Working with hash algorithms (The Libgcrypt Reference Manual)

7.2 Working with hash algorithms

To use most of these function it is necessary to create a context; this is done using:

Function: gcry_error_t gcry_md_open (gcry_md_hd_t *hd, int algo, unsigned int flags)

Create a message digest object for algorithm algo. flags may be given as an bitwise OR of constants described below. algo may be given as 0 if the algorithms to use are later set using gcry_md_enable. hd is guaranteed to either receive a valid handle or NULL.

For a list of supported algorithms, see Available hash algorithms.

The flags allowed for mode are:

GCRY_MD_FLAG_SECURE

Allocate all buffers and the resulting digest in "secure memory". Use this if the hashed data is highly confidential.

GCRY_MD_FLAG_HMAC

Turn the algorithm into a HMAC message authentication algorithm. This only works if just one algorithm is enabled for the handle and that algorithm is not an extendable-output function. Note that the function gcry_md_setkey must be used to set the MAC key. The size of the MAC is equal to the message digest of the underlying hash algorithm. If you want CBC message authentication codes based on a cipher, see Working with cipher handles.

GCRY_MD_FLAG_BUGEMU1

Versions of Libgcrypt before 1.6.0 had a bug in the Whirlpool code which led to a wrong result for certain input sizes and write patterns. Using this flag emulates that bug. This may for example be useful for applications which use Whirlpool as part of their key generation. It is strongly suggested to use this flag only if really needed; and if possible, the data should be re-processed using the regular Whirlpool algorithm.

Note that this flag works for the entire hash context. If need arises, it may be used to enable bug emulation for other hash algorithms. Thus you should not use this flag for a multi-algorithm hash context.

You may use the function gcry_md_is_enabled to later check whether an algorithm has been enabled.

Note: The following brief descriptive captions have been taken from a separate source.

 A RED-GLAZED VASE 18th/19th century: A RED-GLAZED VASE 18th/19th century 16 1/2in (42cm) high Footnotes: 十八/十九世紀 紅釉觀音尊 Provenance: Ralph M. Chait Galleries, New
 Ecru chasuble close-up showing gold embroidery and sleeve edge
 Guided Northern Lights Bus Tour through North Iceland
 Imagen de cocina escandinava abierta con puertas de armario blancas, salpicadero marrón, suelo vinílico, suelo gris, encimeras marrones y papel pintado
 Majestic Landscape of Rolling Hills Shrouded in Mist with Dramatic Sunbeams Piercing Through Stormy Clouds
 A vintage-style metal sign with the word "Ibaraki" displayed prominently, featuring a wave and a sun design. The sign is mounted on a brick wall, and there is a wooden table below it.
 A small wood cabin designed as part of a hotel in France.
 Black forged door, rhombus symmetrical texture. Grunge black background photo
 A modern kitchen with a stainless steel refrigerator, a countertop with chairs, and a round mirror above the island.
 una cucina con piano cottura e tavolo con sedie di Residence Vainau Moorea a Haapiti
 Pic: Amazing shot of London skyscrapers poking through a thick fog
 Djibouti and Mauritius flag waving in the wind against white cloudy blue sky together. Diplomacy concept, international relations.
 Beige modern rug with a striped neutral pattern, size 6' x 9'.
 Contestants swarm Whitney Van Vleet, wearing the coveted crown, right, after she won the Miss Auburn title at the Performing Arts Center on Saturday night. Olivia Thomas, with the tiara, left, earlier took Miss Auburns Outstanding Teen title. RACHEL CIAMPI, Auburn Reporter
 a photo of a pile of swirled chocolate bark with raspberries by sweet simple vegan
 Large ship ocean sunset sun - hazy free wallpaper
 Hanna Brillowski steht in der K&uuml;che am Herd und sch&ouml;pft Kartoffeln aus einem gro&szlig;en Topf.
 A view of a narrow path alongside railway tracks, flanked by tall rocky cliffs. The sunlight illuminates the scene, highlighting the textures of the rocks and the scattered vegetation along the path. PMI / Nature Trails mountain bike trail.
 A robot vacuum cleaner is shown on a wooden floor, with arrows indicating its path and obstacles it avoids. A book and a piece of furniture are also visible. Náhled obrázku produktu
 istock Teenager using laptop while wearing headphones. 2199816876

If you want to calculate several hash algorithms at the same time, you have to use the following function right after the gcry_md_open:

Function: gcry_error_t gcry_md_enable (gcry_md_hd_t h, int algo): Add the message digest algorithm algo to the digest object described by handle h. Duplicated enabling of algorithms is detected and ignored.

If the flag GCRY_MD_FLAG_HMAC was used, the key for the MAC must be set using the function:

Function: gcry_error_t gcry_md_setkey (gcry_md_hd_t h, const void *key, size_t keylen): For use with the HMAC feature or BLAKE2 keyed hash, set the MAC key to the value of key of length keylen bytes. For HMAC, there is no restriction on the length of the key. For keyed BLAKE2b hash, length of the key must be in the range 1 to 64 bytes. For keyed BLAKE2s hash, length of the key must be in the range 1 to 32 bytes.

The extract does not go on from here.